Admitting that I'm Powerless.

Updated: Apr 4, 2022

The first step in AA is admitting that you are powerless over Alcohol and that your life is unmanageable. It sounds pathetic to say I’m powerless over a form of liquid yet here am I on the other side of the country because of it. I woke up in Florida in a hotel room and knew I needed change. I didn’t know what that change was going to be, but I didn’t want my Death Certificate to say died in Fort Lauderdale, Florida. My biggest fear was and still is dying alone in a hotel room, which I spent half of my twenties in. I was calling people I met from Cirque that were sober and happy and here I am taking an Ambien at 1130 in the morning, contemplating my life. It's sad to say at thirty years old it took me that long to make a change, but if you take it one day at a time like they say, it makes life easier than taking it a week or a month at a time.

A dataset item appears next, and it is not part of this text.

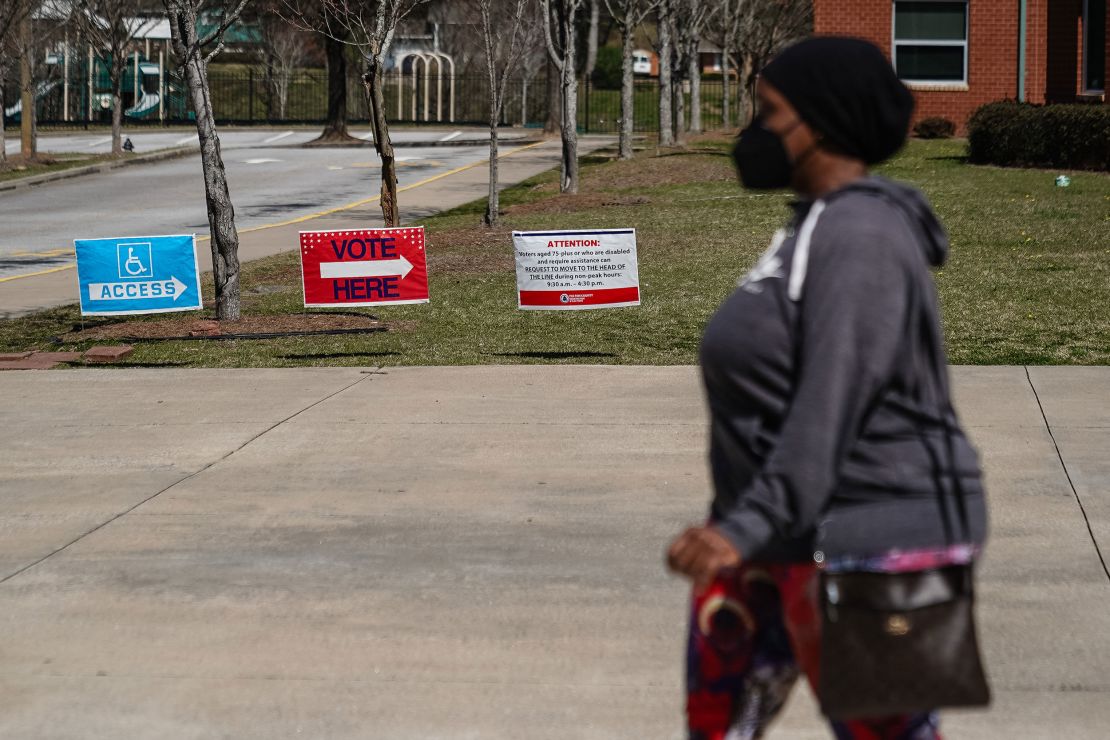 A voter leaves a polling place after casting a primary ballot in Atlanta, Georgia, on March 12, 2024.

The Gang, going on a hike.

June of 2020, I decided to get help for myself, eight months prior I AMA’D from my second trip to rehab. For those who don’t know what AMA’D means, it means left without medical consent. In other words, I booked it like Usan Bolt, never looking back. I hated that feeling every time going to rehab, felt like I failed in life. Yet you should be proud of yourself for realizing you need help. But I didn’t feel that way the first two times. I didn’t do it for myself, did it for my family, pretty much got an oil change. I talked myself into saying I found God since I neglected him for six years and didn’t need this sobriety shit. I didn’t want to admit that I was alcoholic since my brother went to treatment a decade prior. Even though I was still lying to family and friends saying I was sober. I was living a double life, going to dive bars where no one knew me or drinking by myself. With how fucked 2020 was it was easy to isolate, I’m sure every Introvert felt blessed, and I was one of them. I found myself cooking at an elementary school, heating up chicken nuggets for little fucks and came to the conclusion that my life is unmanageable. I took that job to make my mom happy, instead of doing something I would have loved. I spent 85 days in Utah. I loved it here and learned so much, but I still felt like I was missing something in South Florida. Maybe it was the FOMO, even though I never would show up anyway. I used the excuse I needed to get back to a job I didn’t have because I got fired from it twice for my alcoholism. It’s because I was afraid to grow, change and adapt. I was planning on staying in South Florida for six months then was going to move to Orlando. I had the ambition that I wanted to be Spiderman at Islands of Adventure. A very unrealistic job for the resume I had, but I thought it would work out since I was sober. If only I was able to get to that point. Fell short only getting to Step three with my sponsor. Where most people fall short anyway.

Being Powerless.

September of 2020, I moved into a Sober-living house 30 minutes north from my hometown. A month later I found myself moving back into my mom’s place. That was my first mistake. Maybe the mistake was being that close to home, that close to comfort. I was sober for a while, meeting with my sponsor once a week and going to IOP but that wasn’t enough. I wasn’t going to meetings and didn’t really care to meet new people since I was future tripping about moving to Orlando, I didn’t even want to get to know people down South in recovery, maybe because I was afraid, I would make new friends and like living there. To be honest, I was afraid that people wouldn’t accept me for me. I was more insecure then, then I was when I was drinking.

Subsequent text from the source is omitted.